Er vergisst allerdings zu sagen, daß seine heißgeliebte CDU regierte, als die offenbar nicht besonders haltbaren Doppelgelenkbusse angeschafft wurden und somit das Steuergeld der Hamburger aus dem Fenster geworfen wurde.

Ploß ist inkompetent und bemüht sich einzig und allein darum, ein Aufregerthema zu seinen Zwecken zu nutzen.

Ploß, der es mittlerweile zum Bundestagsabgeordneten gebracht hat, werkelt auch in Berlin daran seine Partei noch weiter nach rechts zu rücken, weg von Koalitionen à la Merkel, die auch mit SPD und Grünen arbeiten kann.

Ploß ist einer der Merz-Claqueure.

[….] Bei mir im Wahlkreis sind 80% für Merz [….]

Merz, der seine unsägliche Rolle auch in den zehn Jahren als Vorsitzender der in Hamburg gegründeten Atlantik-Brücke spielte und nun als der größte politische Feigling Deutschlands gilt, weil er immer nur aus sicherer Deckung und großer Entfernung gegen die CDU-Frontfrauen wettert, sich aber im direkten Aufeinandertreffen mit von der Leyen, Merkel oder Kramp-Karrenbauer sofort einnässt und in ein schnurrendes Kätzchen verwandelt.

Ploß umgarnt auch nachdem AKK Parteivorsitzende wurde, den feigen Bierdeckelmann.

Zur gegenwärtig in Hamburg stattfindenden CDU-Außenpolitik- und Strategie-Klausur meldet er sich auch lieber nur aus dem sicheren Bayern.

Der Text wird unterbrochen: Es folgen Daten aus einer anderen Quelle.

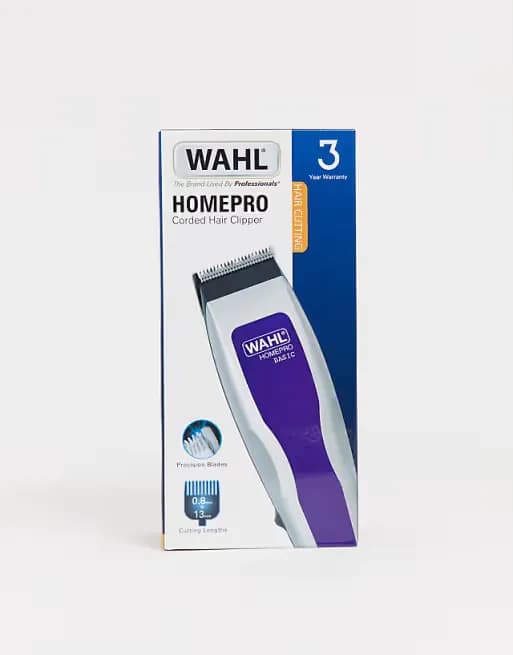 ماشین اصلاح سر و صورت خانگی و شخصی وال Wahl 9155-217y HomePro — تصویر ۳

[…..] Es ist eine gezielte Botschaft aus den bayerischen Bergen in den hanseatischen Norden.
«Wir müssen mit der bestmöglichen Formation in die nächste Bundestagswahl gehen. Das ist nicht nur eine Person an der Spitze, das ist eine Mannschaft, und ich möchte auch in einer Mannschaft dabei sein», spricht Friedrich Merz auf einer Wirtschaftskonferenz am Tegernsee ins Mikrofon. […..]
(dpa, 17.01.2020)

Der junge Ploß mauschelt derweil im Hintergrund beim neuen LKK Berlin, der neuen antigrünen C-Gang. Wieder einmal ein rechter „Berliner Kreis“ der CDU.

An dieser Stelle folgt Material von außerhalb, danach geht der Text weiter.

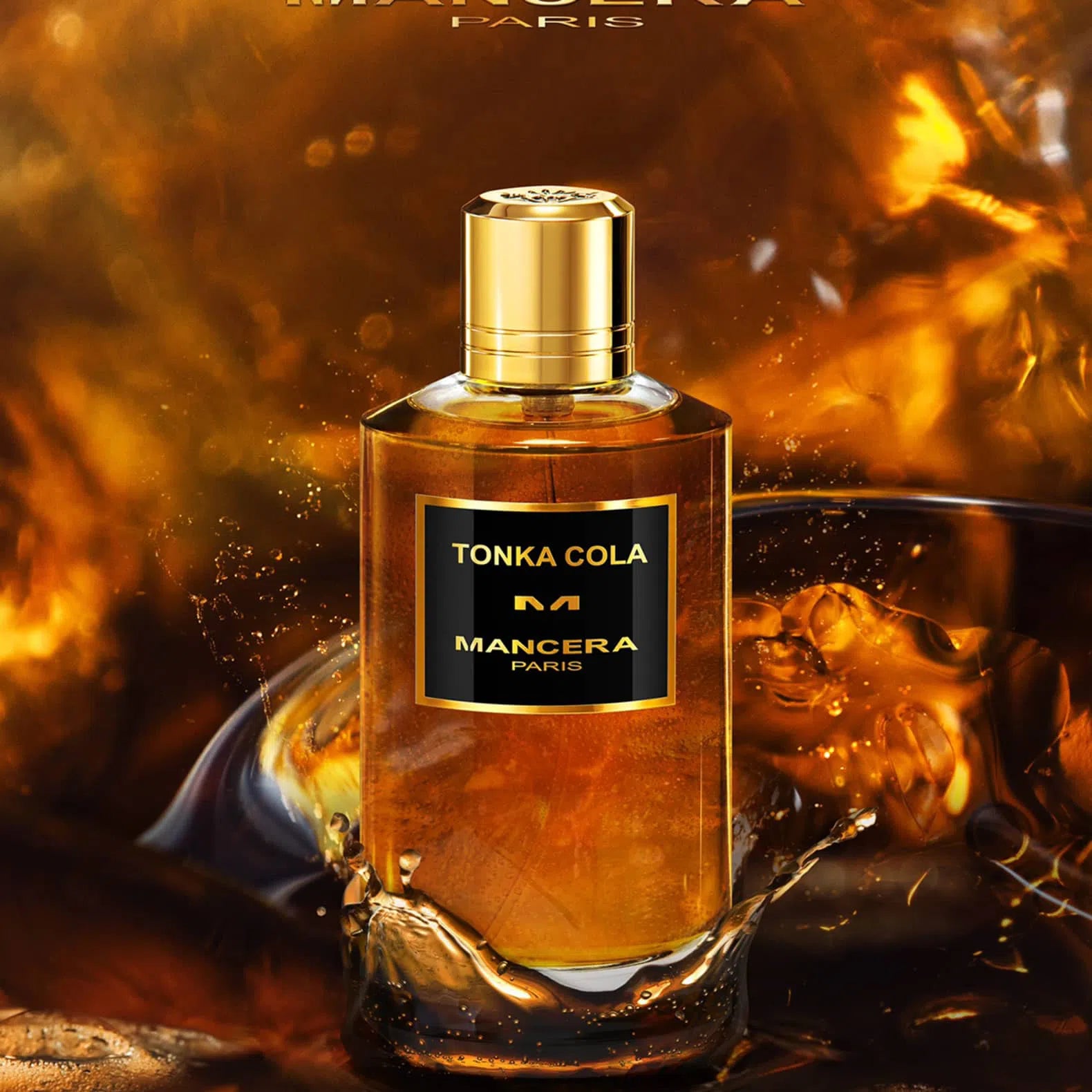 Perfume Mancera Tonka Cola EDP (U) / 120 ml - 3760265194391- Prive Perfumes Honduras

[…..] In Berlin hat sich der "Liberal-konservative Kreis" (LKK) gegründet. Als Sprecher fungieren die Bundestagsabgeordneten Axel E. Fischer (CDU), Torsten Herbst (FDP) und Silke Launert (CSU). Ihm gehören neben Ramsauer auch Unionsfraktionsvize Arnold Vaatz sowie die CDU-Bundestagsabgeordneten Olav Gutting, Klaus-Peter Willsch und Christoph Ploß an. Etwa ein Dutzend weiterer Abgeordneter aus Union und FDP soll bereits Interesse an einer Mitarbeit signalisiert haben.
Am Dienstag hat der Kreis nun - mit Ramsauers Hilfe - zum ersten Mal seine Positionen vorgestellt. "10-Punkte-Plan für Deutschland" steht über dem Papier. Und wer den Plan liest, merkt schnell, dass die Abgeordneten vor allem von der Sorge getragen sind, dass die Politik in Deutschland zu stark von den Grünen getrieben werden könnte. Eine schwarz-grüne Regierung wäre "der maximale politische GAU", sagt Ramsauer. Man wolle "einen ganz klaren Gegenpol" gegen "schwarz-grüne Fantasien" bilden. [….]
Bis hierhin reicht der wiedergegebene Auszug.